Peki, bu tanıklık ettiğim hadisede kadını yaptığında haklı gösterecek sebep, o zavallı yavrucuğu doğurmuş olması mı? “Annesiyim.” diyerek bir canlıya zulmedebilir mi bir insan? İnsan aynı durumda bir kedi ya da köpek yavrusu görse, vicdanı sızlar ve “Ne yapıyorsun?” demez mi zulmeden kişiye? Peki, nedendir böylesi şiddet tablolarında sessiz, duyarsız kalışımız? Şiddetin her türlüsüne sessiz kalan, o şiddete ortak olmuş sayılmaz mı? Nedir toplum olarak çocuklara reva gördüklerimiz?

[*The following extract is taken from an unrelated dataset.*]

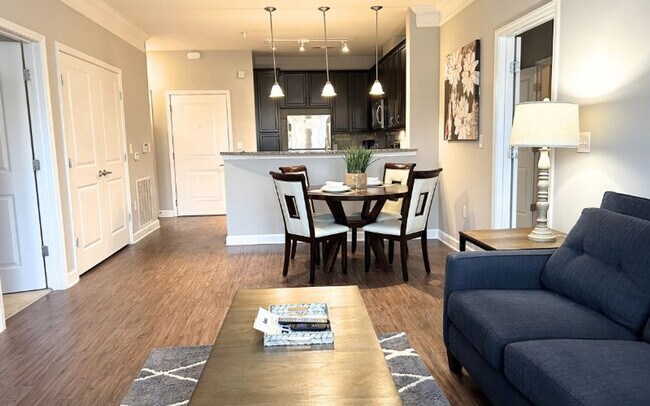 Foto del edificio - 11134 Medlock Bridge Rd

Sahip olmak başka, sahip çıkmak başkadır. Anneler olarak, Yaradan tarafından bize emanet edilen canlara sahip çıkmamız gerekirken, sahipleriymiş gibi davranıyoruz. Pek çok çocuk boynunda tasma varmış misali, baskıyla büyütülüyor ama kimin umurunda? Kimi zaman kendi istek ve keyfimizi ön plana alarak, çocuklarımıza eziyet çektiriyor ve arkasından yine onları azarlıyoruz huzursuzlandıkları için. Oysa ya çocuğun uyku saatiydi anne gezmeyi seçmişti evde çocuğunu uyutmak yerine ya da çocuk bir şey istemişti ve anne dediğini almamıştı belki de haklı olarak “Hayır.” demişti. Sebebini bilmiyorum. Ama hiçbir sebep bir anneyi bu hale sokmamalı. Anne bir limandır çünkü. Annenin en katı halinden bile yine annesine sığınır çocuk, çaresizce muhtaçtır onun sevgisine ve ilgisine. İşte en sert tepkiler ve tehditler en güvendiği anneden gelince kime sığınır zavallı yavrular? Yaşadığı ıstırabı hangi kucak dindirir?

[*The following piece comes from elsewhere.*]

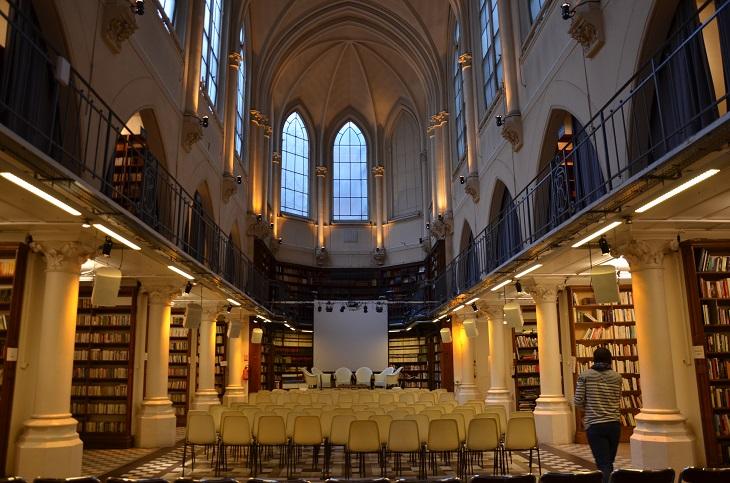 Dans la nef de l'Archipel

Anne olmak, bir insanın nüfus cüzdanında adının yer almasından, gururlanarak doğum hikâyeleri anlatmaktan ibaret değildir. Anne olmak “Yaşlanınca baksınlar.” diye geleceğe yatırım yapmak da değildir. Anne en sevecen ve en şefkatli haliyle yanında bulunur yavrusunun. Şair O. Seyfi Orhon “Annemle Hasbihal” adlı şiirinde “… Senden umuyorum teselli yine!” diyor. Hayatın zorlukları karşısında teselli eden değil midir anne? Neden günümüzde takındıkları tavırlarla, değil teselli etmek yerine çocuklarını teselliye muhtaç bırakıyor pek çok anne?

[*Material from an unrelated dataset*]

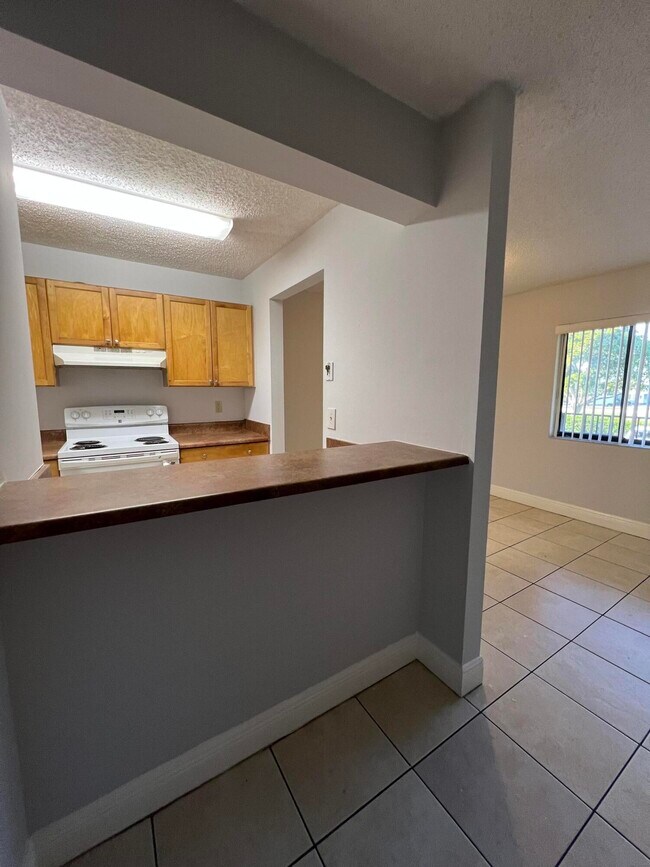Building Photo - 814 Meadows Cir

Anne olmak, en zor zamanlarda bile sakin durabilmektir. Anne olmak kendi rahatını geri plana bırakabilmektir. Kendinden vazgeçemeyen; bir emanetin sorumluluğunu taşıyacak sabrı, tahammülü olmayanların değil ikinci, üçüncü çocuk, birinci çocuğa karar vermeden önce bile çok iyi düşünmesi gerekmez mi? “Çocuk bu, bir şekilde büyür.” mantığıyla, çocuğa hükmetmeye çalışmanın adı annelik değildir. Peki ya nedir?